# Well done! @hot.chillie35



## Resistance (18/6/19)

@hot.chillie35 has gone a 3days without a stinkie. problem...! she needs some more motivation and a tobacco juice thats simular in taste to a Marlborough blue beyond.
so if anyone has any recommendations to where to find such a thing, it would be appreciated.
Thanks forum family

Reactions: Like 9 | Winner 2 | Thanks 1


----------



## ddk1979 (18/6/19)

Wonderful news @hot.chillie35 

Stay strong and keep going.

.

Reactions: Like 7 | Agree 1 | Thanks 1


----------



## CaliGuy (18/6/19)

Resistance said:


> @hot.chillie35 has gone a 3days without a stinkie. problem...! she needs some more motivation and a tobacco juice thats simular in taste to a Marlborough blue beyond.
> so if anyone has any recommendations to where to find such a thing, it would be appreciated.
> Thanks forum family



Congrats @hot.chillie35, stay strong and keep going on the journey as these is still so much to discover. 

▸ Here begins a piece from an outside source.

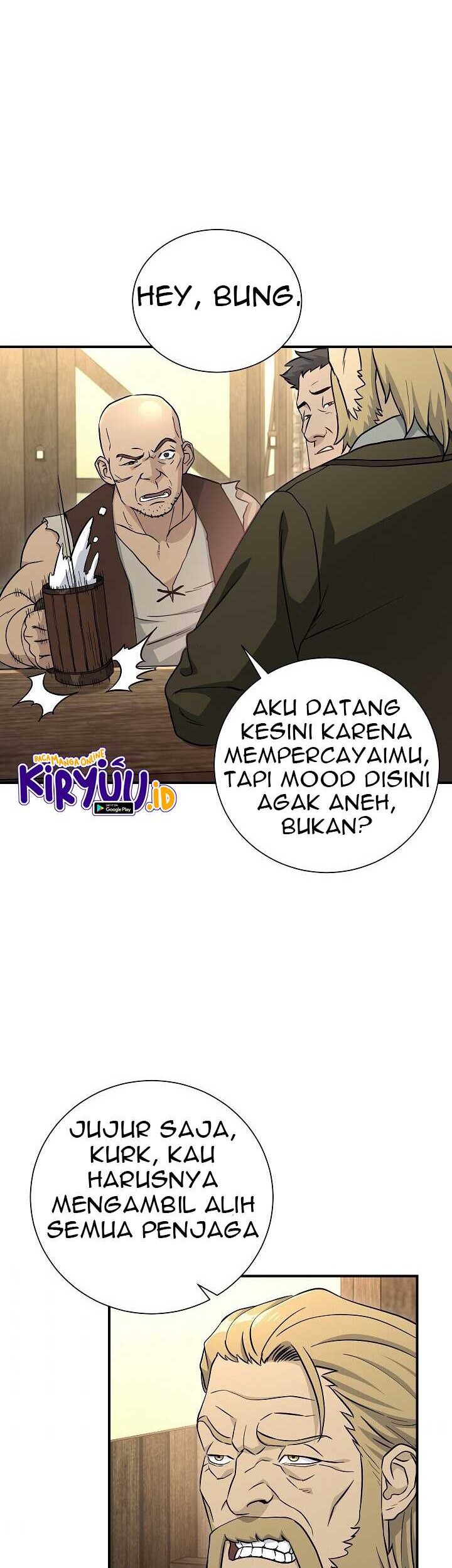 Skeleton Soldier Couldn’t Protect the Dungeon Chapter 143 - halaman 44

Not a Marlboro Blue Beyond but a very good ADV Tobacco juice for consideration is Pied Piper - Red Wood or Arabian Nights in 12mg MTL.

Reactions: Like 4 | Agree 2 | Thanks 1


----------



## Bulldog (18/6/19)

6 Days is around the corner @hot.chillie35

Reactions: Like 6 | Optimistic 1


----------



## Silver (19/6/19)

Congrats @hot.chillie35 !


Keep it up!!!

Reactions: Like 6 | Thanks 1


----------



## MrGSmokeFree (19/6/19)

AWESOME WELL DONE @hot.chillie35

Reactions: Like 7 | Thanks 1


----------



## Dela Rey Steyn (19/6/19)

Ciggie Free is my favourite kind! Congrats @hot.chillie35 !!!

Reactions: Like 5 | Funny 2 | Thanks 1


----------



## Room Fogger (19/6/19)

Great news @hot.chillie35 , keep on going. One day at a time.

Reactions: Like 5 | Agree 1 | Thanks 1


----------



## lesvaches (19/6/19)

Way to go @hot.chillie35 !!

Reactions: Like 5 | Thanks 1


----------



## cgs (19/6/19)



Reactions: Like 5 | Thanks 1


----------



## Puff the Magic Dragon (19/6/19)

WELL DONE @hot.chillie35

Reactions: Like 5 | Thanks 1


----------



## StompieZA (19/6/19)

Hang in there, dont give up on temptation!

Reactions: Like 3 | Thanks 1


----------



## Hooked (19/6/19)

@hot.chillie35 

Three days is a HUGE accomplishment!! Well done!! Keep going - you're over the first hurdle!

Reactions: Like 2


----------



## Resistance (19/6/19)

Hi guy's.I got three concentrates.wanted to try and figure this out for @hot.chillie first.
cubano,ry4,soho and obviously menthol. And very little nicsay maybe 3mg.
So cubano,1%.
Soho,2%
Ry4,2%
Mentol,0.5%
What do you think?

Reactions: Like 2


----------



## hot.chillie35 (19/6/19)

I just wanted to say a VERY BIG THANK YOU to all of you. There is nothing better than friendly people that's more like family motivating you constantly. It makes the journey so much sweeter.

Thanks Guy's!

Reactions: Like 4 | Winner 8


----------



## lesvaches (21/6/19)



Reactions: Like 1 | Thanks 1


----------



## r0ckf1re (21/6/19)

Resistance said:


> Hi guy's.I got three concentrates.wanted to try and figure this out for @hot.chillie first.
> cubano,ry4,soho and obviously menthol. And very little nicsay maybe 3mg.
> So cubano,1%.
> Soho,2%
> ...



I was a Malboro smoker, cubano seemed to have helped, I can suggest that.

Reactions: Like 2 | Thanks 1


----------



## ace_d_house_cat (21/6/19)

Resistance said:


> @hot.chillie35 has gone a 3days without a stinkie. problem...! she needs some more motivation and a tobacco juice thats simular in taste to a Marlborough blue beyond.
> so if anyone has any recommendations to where to find such a thing, it would be appreciated.
> Thanks forum family



Try some of the Pied Piper juice that @GSM500 makes. They're pretty good (if you're into tobacco juices).

Reactions: Like 2 | Agree 3 | Thanks 1


----------



## Resistance (21/6/19)

And we add another 3 more days to that.
whooo hoo!

Reactions: Like 1 | Winner 3 | Thanks 1


----------



## Resistance (21/6/19)

Pied piper Redwood was on my list. Then life happened. It's still on the list for the near future.

Reactions: Like 3


----------



## MrGSmokeFree (21/6/19)

Awesome @hot.chillie35 congrats on 3 more days

Reactions: Agree 3 | Thanks 1


----------